RMAN可以通过创建auxiliary database使用备份对表进行时间点恢复而不影响其它对象
RMAN enables you to recover one or more tables or table partitions to a specified point in time without affecting the remaining database objects.
You can use previously-created RMAN backups to recover tables and table partitions to a specified point in time. RMAN creates an auxiliary database that is used to recover tables or table partitions to the specified point in time.
Recovering tables and table partitions from RMAN backups is useful in the following scenarios:
- You need to recover a very small number of tables to a particular point in time.
- You need to recover tables that have been logically corrupted or have been dropped and purged.
- Flashback Table is not possible because the desired point-in-time is older than available undo.
- You want to recover data that is lost after a DDL operation modified the structure of tables.

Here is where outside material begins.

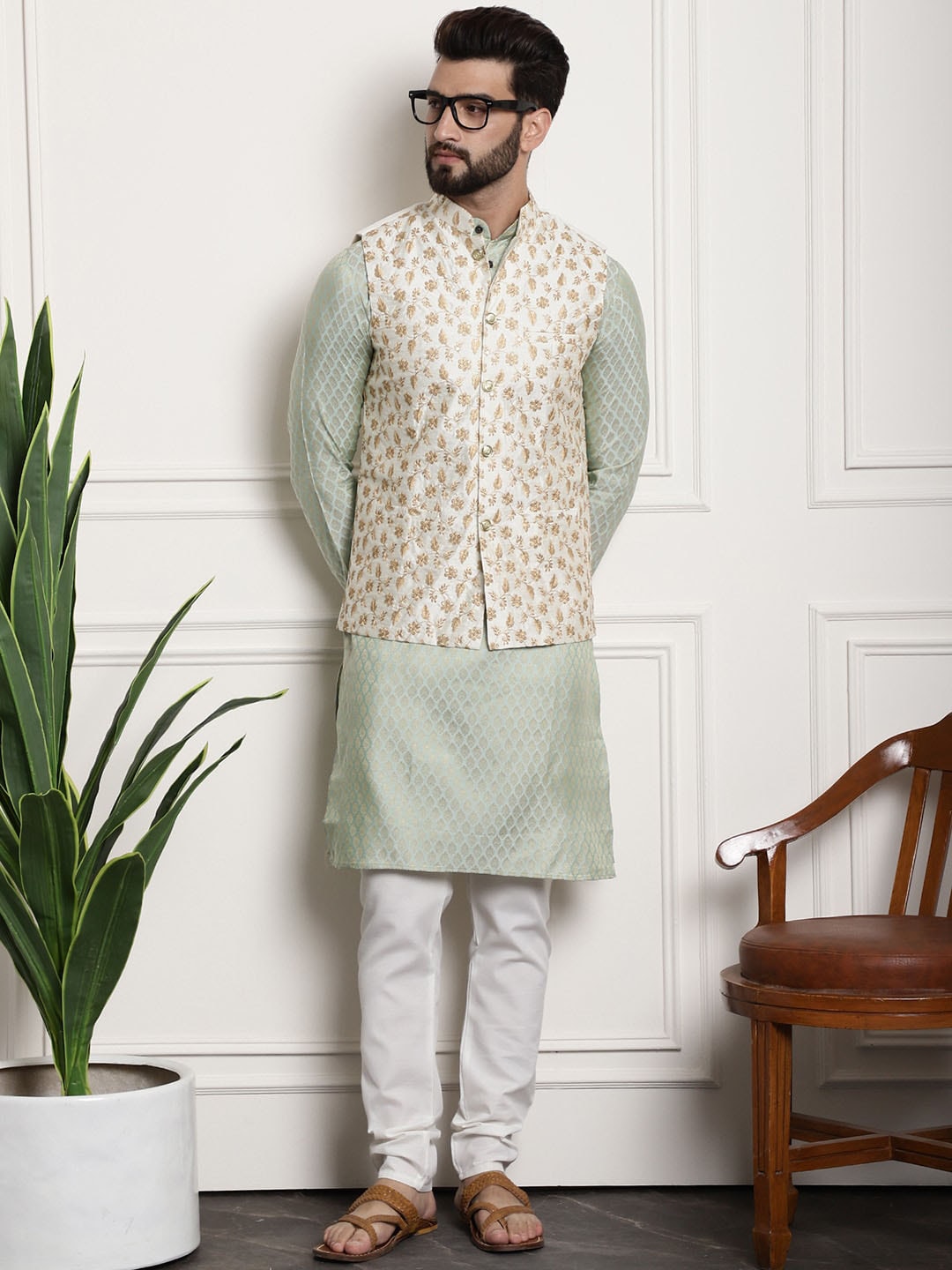 Sojanya Woven Design Mandarin Collar Kurta with Churidar & Nehru Jacket - Distacart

Using Flashback Table is not possible because a DDL was run on the tables between the desired point in time and the current time. Flashback Table cannot rewind tables through structural changes such as a truncate table operation.
(一)Limitations of Recovering Tables and Table Partitions
To recover table or table partitions, you need a full backup of undo, SYSTEM, SYSAUX, and the tablespace that contains the table or table partition.
To recover a table, all partitions that contain the dependent objects of the table must be included in the recovery set. If the indexes or partitions for a table in tablespace tbs1 are contained in tablespace tbs2, then you can recover the table only if tablepsace tbs2 is also included in the recovery set.
To recover tables in a PDB, you need backups of the following:
SYSTEM, SYSAUX, and undo tablespace of the root, CDB seed, and the PDB containing the tables
Tablespace containing the tables or partitions
When you use the RECOVER command to recover tables or table partitions contained in an RMAN backup, the following limitations exist.
- Tables and table partitions belonging to SYS schema cannot be recovered.
- Tables and table partitions from SYSTEM and SYSAUX tablespaces cannot be recovered.
- Tables and table partitions on standby databases cannot be recovered.
- Tables with named NOT NULL constraints cannot be recovered with the REMAP option.